→ **Exercise**
Each line of the data below goes into the copy exactly; pictures do not.

(Input Opens)

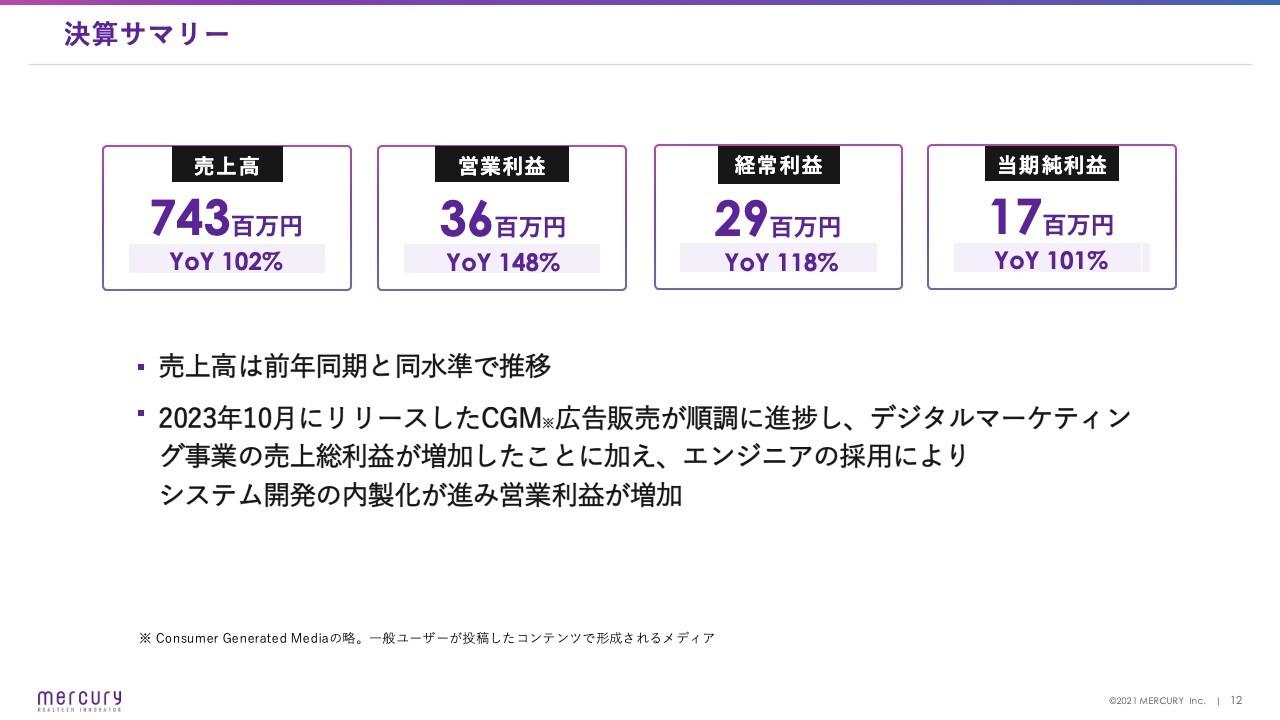 マーキュリー、CGM広告販売が順調で営業利益は前年比148％　通期予想に対し計画どおりに進捗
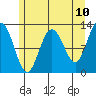 Lindenburg Head tide chart for Saturday, May 10, 2025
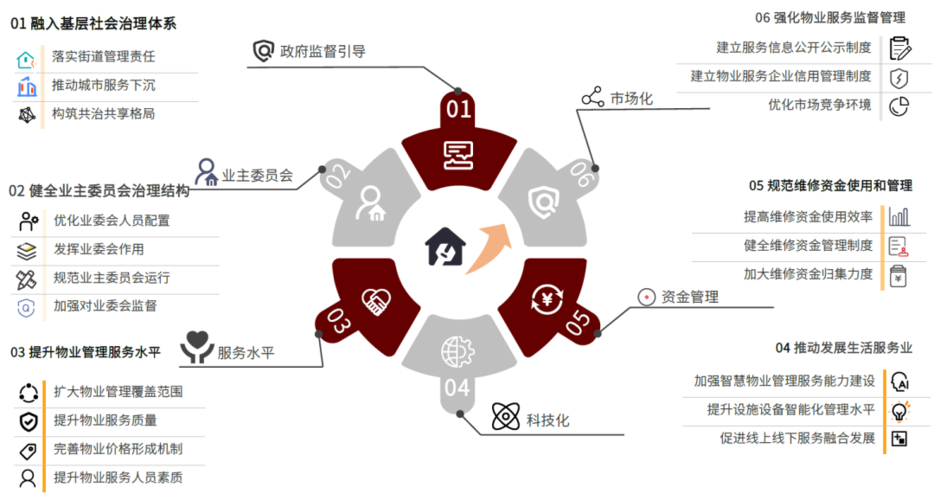 物业品质管理五大维度？物业项目管理维度-图1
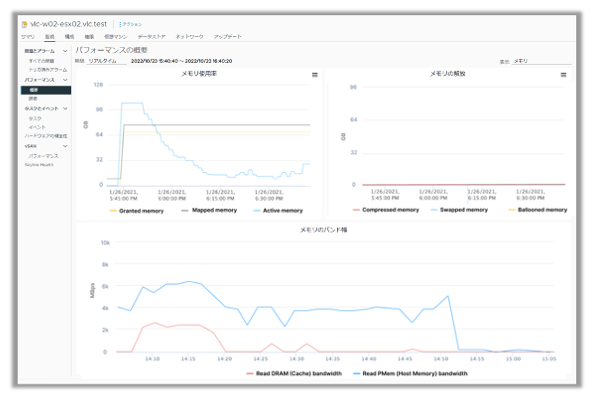 DRS のパフォーマンスを向上するvSphere Memory Monitoring and Remediation v2(vMMR2)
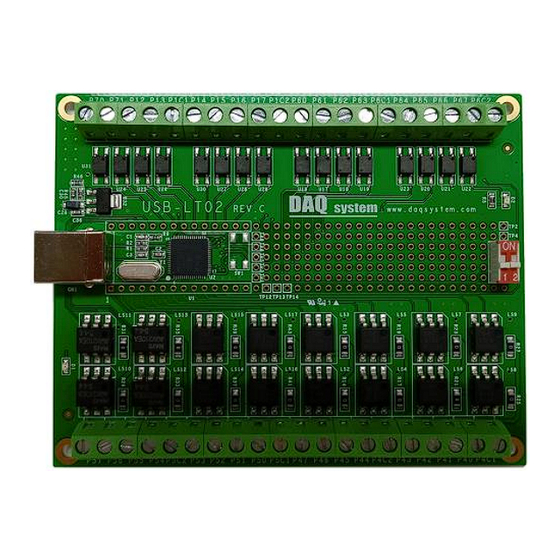 DAQ system USB-LT02 B User Manual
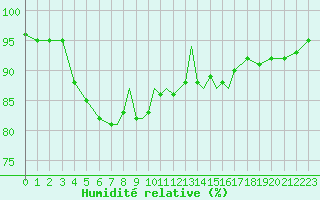 Courbe de l'humidit relative pour Scilly - Saint Mary's (UK)
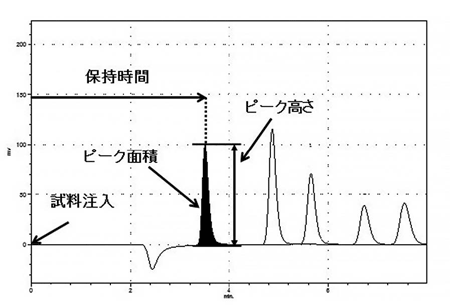  図2 クロマトグラム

(Input Closes)

→ **Exercise output**
 マーキュリー、CGM広告販売が順調で営業利益は前年比148％　通期予想に対し計画どおりに進捗
 Lindenburg Head tide chart for Saturday, May 10, 2025
 物业品质管理五大维度？物业项目管理维度-图1
 DRS のパフォーマンスを向上するvSphere Memory Monitoring and Remediation v2(vMMR2)
 DAQ system USB-LT02 B User Manual
 Courbe de l'humidit relative pour Scilly - Saint Mary's (UK)
  図2 クロマトグラム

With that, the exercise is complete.